Впрочем, музеи роднит с могилами еще и то, что у них никогда не бывает критиков, лучшим подтверждением чему служат поведение и выражения лиц посетителей. В воле к постоянству скрыта огромная сила; ее ощущаешь даже телом, когда берешь в руки предмет, который люди оберегали тысячи лет, особенно если речь идет об одном из выдающихся произведений искусства. В этом смысле крупные собрания суть цитадели убеждения. Они наглядно демонстрируют чистые кристаллические формы человеческого поведения как общественного существа.
Это подтверждает и прямо противоположный случай, когда пресыщение настолько велико, что высвобождаются подавленные прежде силы, выступающие не против той или иной формы порядка, а против порядка как такового. Во время бунта начинают крушить тюрьмы и крепости, а потом поджигают библиотеки и коллекции, в которых чернь справедливо видит палладион цивилизации. Слепое уничтожение образов всегда говорит о пошатнувшихся основах. За ним следует череда разоблачений, возвещающих, что процесс брожения начался. К их числу относится поклонение огню, причем не стихии света, а стихии пламени: в одну эпоху поклоняются факелу, в другую — нефти или динамиту. Приход этого состояния можно безошибочно определить по появляющимся известиям о вскрытии гробниц и выставлении трупов на всеобщее обозрение. Такие демонстрации нельзя считать просто некими мрачными каприччо, которыми тешит себя развращенный человеческий дух, наоборот, здесь этот дух получает отпор — ведь человеческое бытие зиждется именно на погребении мертвых, и тот, кто позволяет себе шутить по этому поводу, не останавливается уже ни перед чем. Поэтому нельзя до конца представить себе, чем оборачиваются такие спектакли; они устраняют последние очаги сопротивления, увлекая их, как водоворот, в страшную бездну.

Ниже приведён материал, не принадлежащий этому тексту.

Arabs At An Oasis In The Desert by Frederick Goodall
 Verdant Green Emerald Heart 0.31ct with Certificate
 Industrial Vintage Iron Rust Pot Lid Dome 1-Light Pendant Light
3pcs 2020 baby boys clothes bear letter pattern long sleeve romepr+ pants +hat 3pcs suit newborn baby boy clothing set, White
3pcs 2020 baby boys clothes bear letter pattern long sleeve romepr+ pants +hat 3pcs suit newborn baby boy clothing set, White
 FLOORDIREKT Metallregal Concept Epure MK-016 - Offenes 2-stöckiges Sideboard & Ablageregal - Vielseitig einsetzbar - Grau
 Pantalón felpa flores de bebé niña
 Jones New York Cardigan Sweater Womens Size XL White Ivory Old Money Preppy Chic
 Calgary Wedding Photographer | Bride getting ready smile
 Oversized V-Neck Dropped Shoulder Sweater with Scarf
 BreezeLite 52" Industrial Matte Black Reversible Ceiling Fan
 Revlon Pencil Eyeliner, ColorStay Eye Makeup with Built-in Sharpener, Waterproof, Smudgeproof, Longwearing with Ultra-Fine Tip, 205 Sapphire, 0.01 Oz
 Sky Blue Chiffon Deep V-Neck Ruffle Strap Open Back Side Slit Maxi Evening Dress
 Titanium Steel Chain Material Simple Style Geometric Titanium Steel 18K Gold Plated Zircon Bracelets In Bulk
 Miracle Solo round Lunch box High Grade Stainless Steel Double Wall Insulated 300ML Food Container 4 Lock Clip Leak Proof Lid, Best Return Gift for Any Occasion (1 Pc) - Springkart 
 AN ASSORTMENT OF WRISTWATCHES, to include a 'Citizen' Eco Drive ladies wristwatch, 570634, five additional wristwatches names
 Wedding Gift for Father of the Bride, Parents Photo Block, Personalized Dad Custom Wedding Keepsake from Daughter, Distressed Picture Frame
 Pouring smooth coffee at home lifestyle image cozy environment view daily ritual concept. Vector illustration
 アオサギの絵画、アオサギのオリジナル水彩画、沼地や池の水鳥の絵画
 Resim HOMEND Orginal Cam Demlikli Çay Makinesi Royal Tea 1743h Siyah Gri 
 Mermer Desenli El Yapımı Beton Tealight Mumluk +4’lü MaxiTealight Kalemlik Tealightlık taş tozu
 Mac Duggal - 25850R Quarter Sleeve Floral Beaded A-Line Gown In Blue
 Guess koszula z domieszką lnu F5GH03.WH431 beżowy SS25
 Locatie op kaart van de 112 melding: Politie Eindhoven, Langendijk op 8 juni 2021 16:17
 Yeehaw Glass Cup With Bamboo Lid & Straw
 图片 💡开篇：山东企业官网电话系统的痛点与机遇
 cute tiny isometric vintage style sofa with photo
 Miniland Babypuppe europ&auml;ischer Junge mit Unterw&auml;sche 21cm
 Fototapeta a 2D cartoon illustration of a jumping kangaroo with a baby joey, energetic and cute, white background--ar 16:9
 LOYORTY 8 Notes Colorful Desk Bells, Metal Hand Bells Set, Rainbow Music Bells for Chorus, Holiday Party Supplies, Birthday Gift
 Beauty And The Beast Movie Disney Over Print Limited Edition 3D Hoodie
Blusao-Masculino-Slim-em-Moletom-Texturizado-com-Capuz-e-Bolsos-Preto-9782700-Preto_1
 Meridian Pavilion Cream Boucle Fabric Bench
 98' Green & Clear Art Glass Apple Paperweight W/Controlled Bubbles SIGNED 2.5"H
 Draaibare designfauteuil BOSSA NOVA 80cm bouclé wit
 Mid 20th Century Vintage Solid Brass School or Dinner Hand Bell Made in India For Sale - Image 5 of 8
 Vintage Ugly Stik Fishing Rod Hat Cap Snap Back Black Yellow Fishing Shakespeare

Между тем иногда кажется, что даже такие серьезные умы, как Буркхардт и Винкельманн, переоценивали важность сохранения великих творений и что, вероятно, именно в этой завышенной оценке скрыты затаенная боль, глубокая потребность в порождающем начале. С другой стороны, можно заметить, что плохого мастера, в особенности иллюзиониста или фальшивомонетчика, связывает с чернью именно общая ненависть к собраниям великих мастеров: да исчезнет из мира прекрасное, да воцарится безобразное! Вообще такое фундаментальное явление, как наш инстинкт сохранения и собирания, не вписывается ни в какие однозначные рамки; оно относится к числу больших тем, где противоречия являются такой же неотъемлемой частью, как долины — в горном пейзаже.
Чтобы закончить на высокой ноте, упомянем о благородной стороне музейного инстинкта, которая проявляется там, где он соприкасается с наукой, теснейшим образом связанной с собиранием. Под слоем пепла здесь тлеет искра жизни — наше великое и возвышенное вопрошание о загадке этого мира. Мы неустанно исследуем даже самые отдаленные его части, и наши телескопы, направленные на неподвижные звезды, наши сети, закинутые в глубины моря, наши заступы, врезающиеся в землю, под которой погребены древние города, театры и храмы, — все они движимы одним вопросом: можно ли найти в них сокровенное ядро жизни, божественную силу, которой живы и мы. И чем более чуждыми и загадочными кажутся нам те места, чем тише доносится до нас эхо голосов сквозь тысячелетия и толщи льда, тем больше радуемся мы, получив ответ.